In 1804 Darton and Harvey published the first of what would be the two best-selling poetry volumes in the nineteenth century, Original Poems for Infant Minds, by Several Young Persons (1804–5).1 One of the "young persons" was Adelaide O'Keeffe, the daughter of an Irish Protestant actress and an Irish Catholic dramatist. O'Keeffe, who would eventually author nine collections of children's poems, four novels, and a retelling of the Bible,2 was the first writer to adapt dramatic forms along with the precepts of late eighteenth-century rational education (such as an emphasis on active learning and moral development) to children's poetry. This essay introduces Adelaide O'Keeffe to children's literature scholars and demonstrates her pioneering work in two poetry genres: the children's dramatic monologue and the novel-in-verse.

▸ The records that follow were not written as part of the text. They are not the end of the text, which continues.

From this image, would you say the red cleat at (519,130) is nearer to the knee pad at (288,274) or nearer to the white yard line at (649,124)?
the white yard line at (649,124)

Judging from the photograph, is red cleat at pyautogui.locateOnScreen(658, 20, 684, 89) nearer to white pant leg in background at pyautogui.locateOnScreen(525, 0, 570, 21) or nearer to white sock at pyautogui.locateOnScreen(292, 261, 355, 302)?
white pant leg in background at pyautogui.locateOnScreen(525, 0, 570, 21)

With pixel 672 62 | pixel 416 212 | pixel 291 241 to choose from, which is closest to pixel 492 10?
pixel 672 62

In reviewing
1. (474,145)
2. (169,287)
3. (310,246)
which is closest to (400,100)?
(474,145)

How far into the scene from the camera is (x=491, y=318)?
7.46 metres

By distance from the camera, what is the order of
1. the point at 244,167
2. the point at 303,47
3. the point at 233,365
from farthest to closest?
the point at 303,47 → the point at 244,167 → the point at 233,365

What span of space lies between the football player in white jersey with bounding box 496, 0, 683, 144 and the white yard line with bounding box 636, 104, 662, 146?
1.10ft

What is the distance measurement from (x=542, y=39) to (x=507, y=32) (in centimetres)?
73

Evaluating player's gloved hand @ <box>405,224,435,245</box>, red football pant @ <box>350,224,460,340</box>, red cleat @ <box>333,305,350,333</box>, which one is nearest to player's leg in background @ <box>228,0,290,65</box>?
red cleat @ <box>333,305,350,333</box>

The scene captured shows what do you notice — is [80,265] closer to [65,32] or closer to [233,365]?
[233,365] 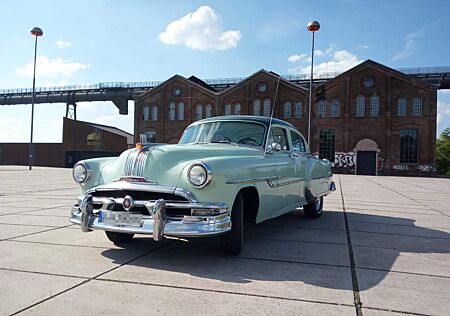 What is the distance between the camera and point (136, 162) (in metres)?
4.33

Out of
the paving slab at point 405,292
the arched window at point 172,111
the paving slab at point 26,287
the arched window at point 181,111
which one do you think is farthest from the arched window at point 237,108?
the paving slab at point 26,287

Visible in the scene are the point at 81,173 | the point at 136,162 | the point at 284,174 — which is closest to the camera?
the point at 136,162

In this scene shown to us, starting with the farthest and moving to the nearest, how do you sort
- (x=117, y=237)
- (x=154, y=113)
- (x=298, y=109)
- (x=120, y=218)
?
(x=154, y=113) → (x=298, y=109) → (x=117, y=237) → (x=120, y=218)

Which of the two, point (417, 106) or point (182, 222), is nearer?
point (182, 222)

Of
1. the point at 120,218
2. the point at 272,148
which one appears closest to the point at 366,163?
the point at 272,148

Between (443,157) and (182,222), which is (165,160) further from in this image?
(443,157)

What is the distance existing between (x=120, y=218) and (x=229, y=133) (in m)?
2.21

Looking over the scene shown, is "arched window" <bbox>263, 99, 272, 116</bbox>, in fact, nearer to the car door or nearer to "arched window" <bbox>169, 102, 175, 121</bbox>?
"arched window" <bbox>169, 102, 175, 121</bbox>

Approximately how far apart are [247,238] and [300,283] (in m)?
1.98

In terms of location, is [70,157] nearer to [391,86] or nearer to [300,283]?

O'Keeffe gained hands-on experience with theatrical writing through her father, John O'Keeffe, who wrote or adapted over fifty comic operas for Covent Garden, the Haymarket, and Drury Lane. He began his career in the Irish theaters, where he met Mary Heaphy, the seventeen-year-old daughter of the manager of Dublin's Royal Theatre. They married in 1774 and soon had three children: John Tottenham (1775–1804), Adelaide (1776–1855), and Gerald (1777–died in infancy). When Adelaide was six, her father lost his eyesight and discovered that his wife was having an affair with a Scottish actor named George Graham. Enraged, John O'Keeffe left Ireland forever, taking his children with him. Mary Heaphy later married Graham: "as a Protestant" she considered her first union with a Catholic "not sufficiently binding to prevent a subsequent marriage" (Adelaide [End Page 219] O'Keeffe, "Memoir" xiv).3 When Mary secretly visited the children, O'Keeffe was, in Adelaide's own words, "inflamed with jealousy" and sent both children to France. To her "supreme horror and surprise," she found herself, at age seven, in a French convent, and there she remained until the outbreak of the revolution five years later (xxii). Twelve-year-old Adelaide never again parted willingly from her father. She served as his amanuensis, and she supported him through her earnings as a governess and an author for almost forty-five years until his death in 1833 at age eighty-six. Money was a continual problem for the family, especially after Tottenham died soon after taking orders at Exeter College, leaving behind substantial debts from his education. Theaters, publishers, and the British crown owed John and Adelaide pensions, royalties, and annuities, but the money did not always come, and when it did, it was rarely on time. Most of these annuities stopped after O'Keeffe's death, leaving Adelaide almost destitute. She sold his furniture and effects by public auction and rented their home to lodgers. Princess Charlotte sent five pounds for a mourning broach.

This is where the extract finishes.